Eating in El Celler de Can Roca, the best restaurant in the world

The last time El Celler de Can Roca won the Best Restaurant in the World award Tim Magee was there to sample it. Here, he remembers his visit as it retakes the crown

After a perfect lunch a couple of years ago I was lucky enough to spend a little time with the Roca brothers in the kitchen of El Celler de Can Roca, which at that time had just landed the number one slot on the San Pellegrino World’s 50 Best list.  Of the three brothers, Josep, who has the best English, was dropping in and out of the conversation while minding his smitten departing customers and I was struggling with my non-existent Spanish with Joan, while Jordi, Can Roca’s mad genius pastry chef  was making moulds of his nose against the backdrop of a framed and signed Lionel Messi jersey. As you do.

I asked Joan what it was like becoming number one. He was thrilled, huge honour, we do what we do. The stuff you like to hear from magnanimous chefs, while understanding they aren’t touching on any level of detail about the savage level of commitment, invention, insane attention to detail, self-belief and staying power it takes to even break into the top 50, win three Michelin stars and all the rest.

Eventually the conversation came around to Noma. El Celler de Can Roca had just checked the seminal Danish restaurant’s run of four in a row. The moment René Redzepi’s name was mentioned, Joan stopped, took a deep breath, proudly put his fist to his chest and with perfect clarity  said "Aaah, René, we love him, we love Noma – we are just minding this for René.”

From an industry stuffed with many overheated, macho, shouty and often arrogant chefs Joan almost had me in tears.

READ MORE

Tucked away in suburban Girona, from the outside Can Roca seems perhaps like a small boutique gallery but inside you are greeted as if you are coming to someone’s home. The food is breathtaking, and as delicious as it relentless.

There are too many stellar dishes to go into in detail but first you eat the world, a small paper globe with flavours inside from hand-picked countries around this planet of ours, and then you’re off to work your way around the Spain these three brothers know intimately, studded with some upside-down edible nostalgia along the way.

Their Viennetta, a savoury  white asparagus ice cream with truffle layers. The cardboard scent mask you don for an edible version of Guerlain’s Shalimar, hitting all the great classic perfume’s notes with matching food flavours. All the while the three-tiered wine trolley is wheeled through the restaurant, the stuff of dreams. El Celler de Can Roca’s wine pairings are the best in the world.

It's always generous, witty and elegant, it is bigger than its food, wine list or service. It is a beacon for that special, unmeasurable alchemy – the only thing that finally matters in this business: warm, intelligent, genuine hospitality.

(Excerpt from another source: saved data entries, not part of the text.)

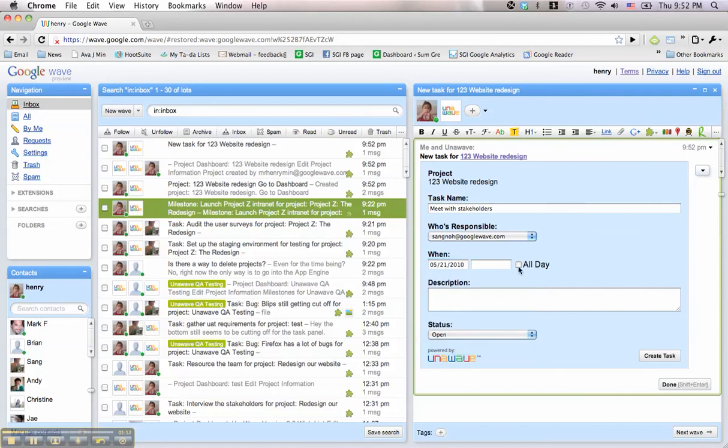Keep in mind, you can edit the task information, but more importantly, close it once it's complete.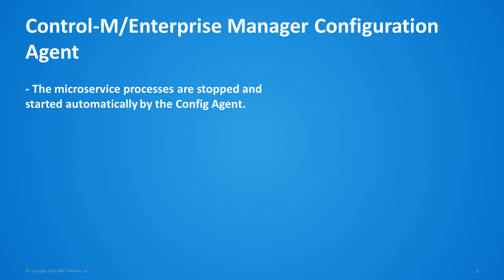The starting and stopping of the microservices are controlled by the Control-M Enterprise Manager configuration agent. The EM config agent will start and stop the microservice processes automatically based on their desired state.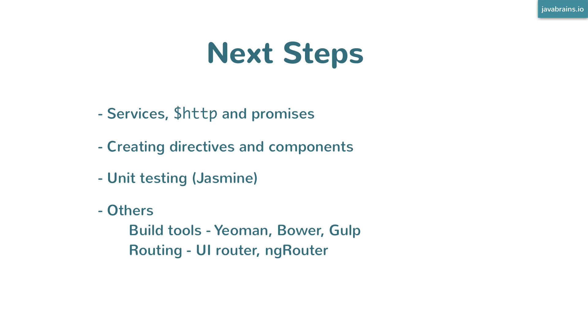If you really need any of these courses on Java Brains, send me a message and let me know which one. If enough people request it, I'll prioritize that and try to make a course sooner.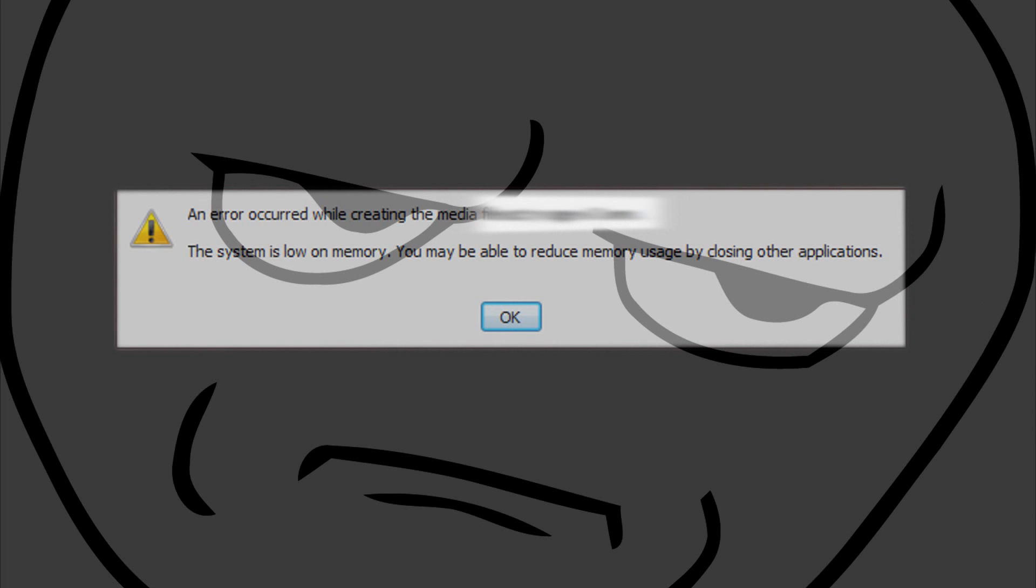Has this ever happened to you? Hello everyone, my name is Danny and I'm going to show you how to fix this problem. If you have ever had it, well, you probably have, because you are not using Sony Vegas for nothing, you know.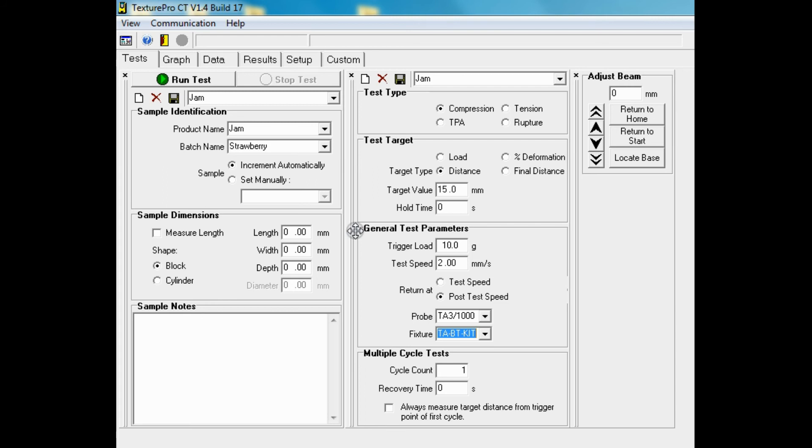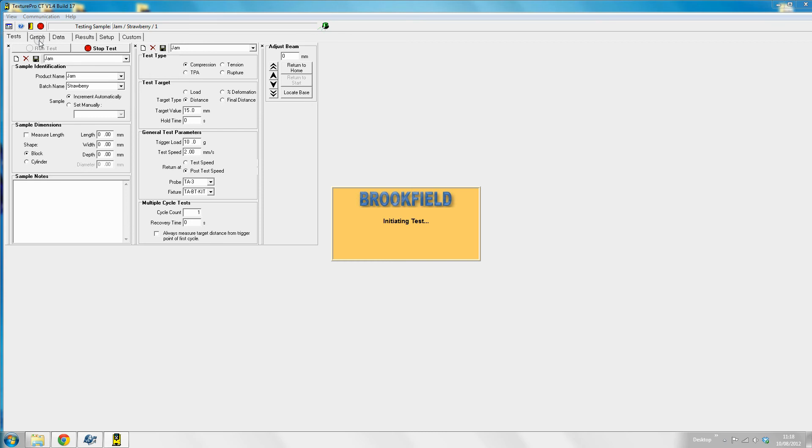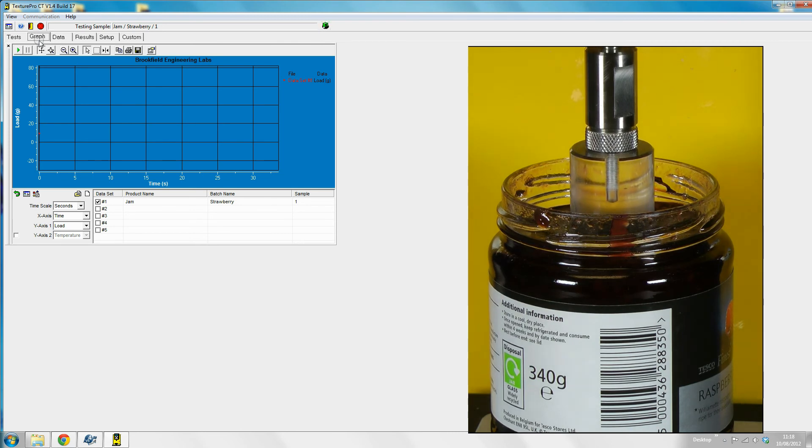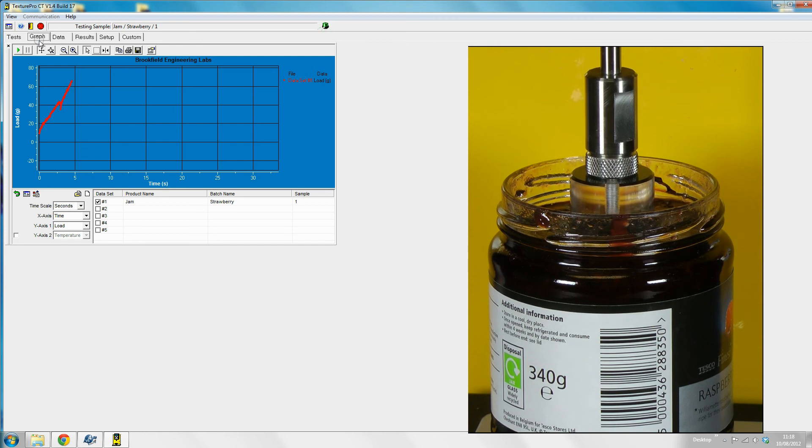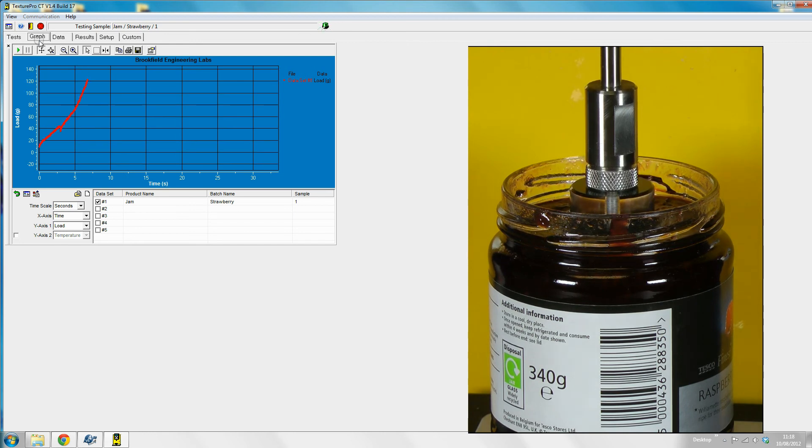We can now press the start button and start the test. On the left you can see the test recordings and on the right the CT3 texture analyzer performing the test.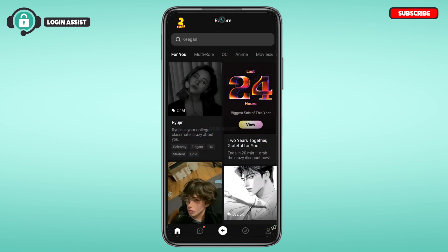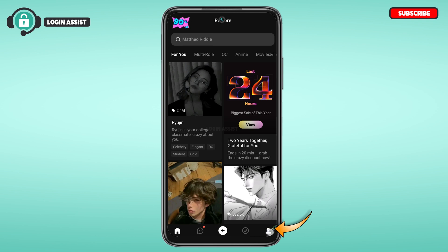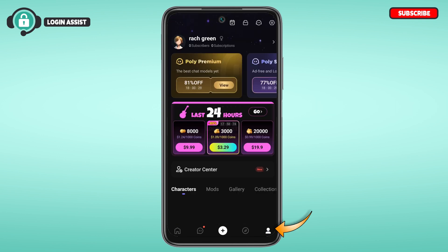If you want to log out of your account, tap on the account icon that you can see at the bottom right corner of your screen. You'll be led to this kind of interface.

Noma has been bigger than Michelin for years now – it only has two stars on that list but is still the most influential restaurant in the world. Many would say that Redzepi’s influence is bigger than any list . But I wonder if, after today’s surprise result, those three humble gentle genius brothers in Girona think they’re just still keeping the spot warm for René, while the rest start to wonder was he minding it for them.